Although the information on the spread sheet did show that some of the units were not due for 10K PM, however it was also not accurate for all cases.

For Example
For ventilator #648797, the last major 10K PM was done in 03/14/12 at 28, 988 hrs. Therefore the next 10K should be at 38, 988 hrs. This vent is running currently at 33, 884 hours and as per the spreadsheet the next PM is due at 40,000 hours which is more than the required hours for 10K PM.

Therefore, the facility did not have any consistent manner and method to ensure that the hours are monitored accurately for a timely 10 K PM on ventilators..

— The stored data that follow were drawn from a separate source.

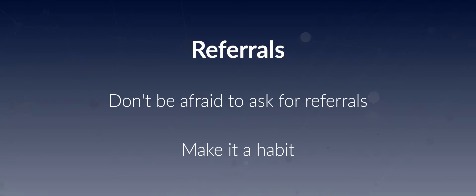So make a habit of asking for a referral. Nobody gets offended by it. And you know what? You'll start to sell more as a consequence of it.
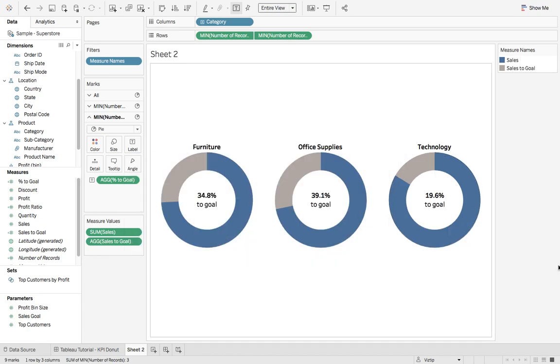So now we have our nice KPI donut chart. Hope you enjoyed today's quick tutorial.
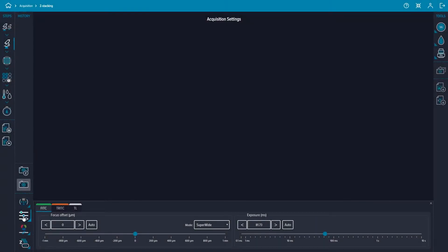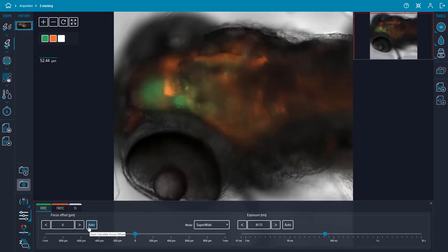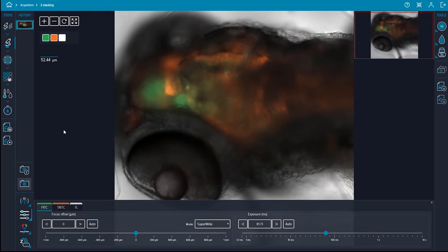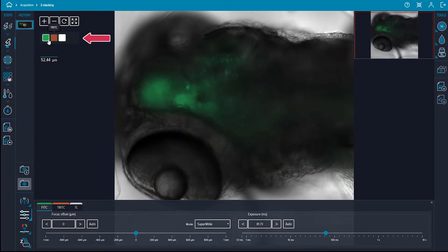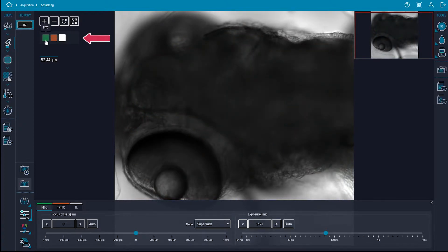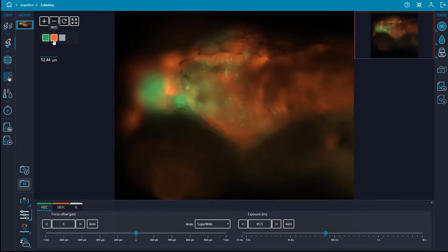First set up focus as normal in the acquisition settings step and snap a preview of your image. To best visualize the single plane image, toggle on and off the available channels in the image viewer. This also aids in optimizing the settings for exposure and focus offset.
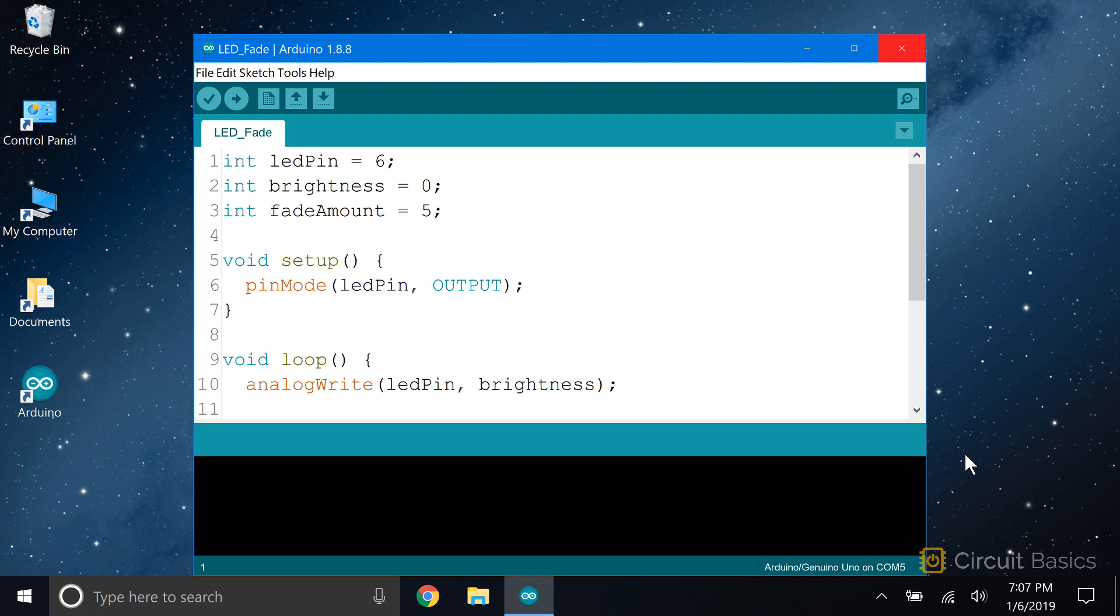We also want to control how quickly the LED fades on and off. One way to do that is to change how many steps we take between 0 and 255. So I've declared a variable called fade amount and set it equal to 5. In the setup section, we have to use the pin mode function to set the LED pin as an output.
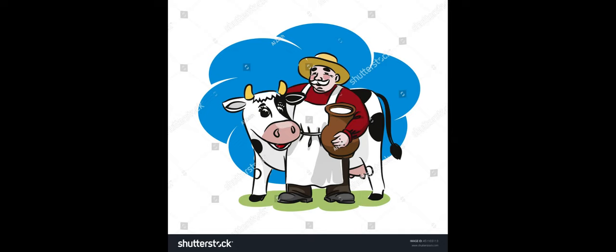He peered inside and saw a beautiful white cow standing in the corner. The cow had been left behind by the previous owners of the farm and had been surviving on the scraps of food left behind by them.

3. Facility did not have any policy and procedure regarding how to perform preventive maintenance on any equipment in the facility. Facility relies on the vendor to perform whatever the preventive maintenance is required on the equipment and whatever frequency is deemed acceptable to them. Facility does not have a program in place that dictates what an outside vendor/contractor needs to follow and do more if required.

Findings were verified with Director of Facilities, Director of Respiratory Services and the Bio-Medical PM Vendor.

OPO AGREEMENT

Tag No.: A0886

Based on review of the Organ, Tissue and Eye Procurement Program (OPO) Manual and staff interview, it was determined that the facility failed to ensure that this program was integrated into the Hospital Wide Quality Assurance Performance Improvement Program (QAPI).

Findings include:

1- A review of the hospital ' s Organ, Tissue and Eye Procurement Program Manual was conducted on 1/29/14 at approximately 1:00 PM. Present during the review of the contract was staff # 1. The surveyor requested the facility ' s tracking data and quality assurance program concerning compliance with Time Notification. Staff # 1 informed the surveyor that she had no formal document from OPO as evidence of any tracking. She informed the surveyor that in 2012 she notified OPO of a few deaths (a few was the count of 4) however " they did not want them " . There was no formal documentation of this notification beside a paragraph handwritten in a " Contract Assessment " dated 2012.
The facility had no formal report from OPO . There was no evidence by means of an OPO report that the facility called in 4 organ donation to OPO in 2012.
There was no documentation on the Time Notification called in within one hour to OPO.
2- Staff # 1 informs the surveyor that there was no hospital quality assurance program for the program of Organ, Tissue and Eye Procurement.